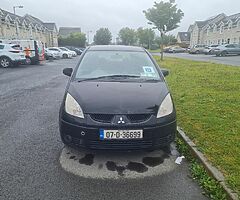 Offer me engine alloy wheel new tyre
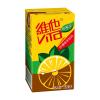 维他柠檬茶250mL*6
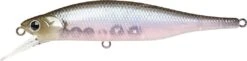Lucky Craft Lighting Pointer 98XR Jerkbait -Rapala Store s l1600 5b5594ed 24ee 435a 83f2 f3b02a494755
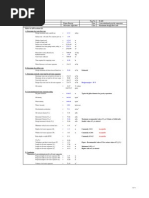 API Separator Sizing Procedure Guide | PDF | Fluid Mechanics | Liquids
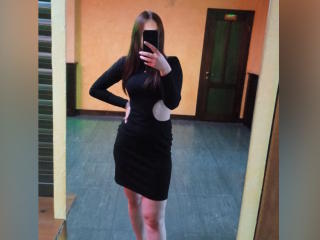 ForeKorne - Live porn &amp; sex cam - 18529962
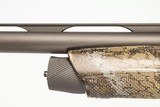 BENELLI SUPER BLACK EAGLE 3 12GA - 3 of 22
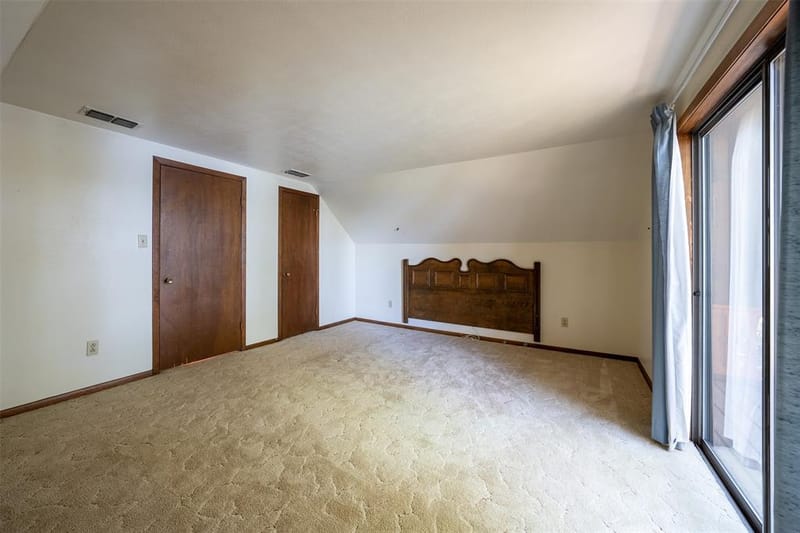 20862 Bay Shore Drive, Flint TX 75762 - Photo 13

→ **Work item**: Your output should consist solely of the lines from the line containing "维他柠檬茶250mL*6" through the last line of the entries, verbatim, minus any pictures.

→ **Finished exercise**:
 维他柠檬茶250mL*6
Lucky Craft Lighting Pointer 98XR Jerkbait -Rapala Store s l1600 5b5594ed 24ee 435a 83f2 f3b02a494755
 API Separator Sizing Procedure Guide | PDF | Fluid Mechanics | Liquids
 ForeKorne - Live porn &amp; sex cam - 18529962
 BENELLI SUPER BLACK EAGLE 3 12GA - 3 of 22
 20862 Bay Shore Drive, Flint TX 75762 - Photo 13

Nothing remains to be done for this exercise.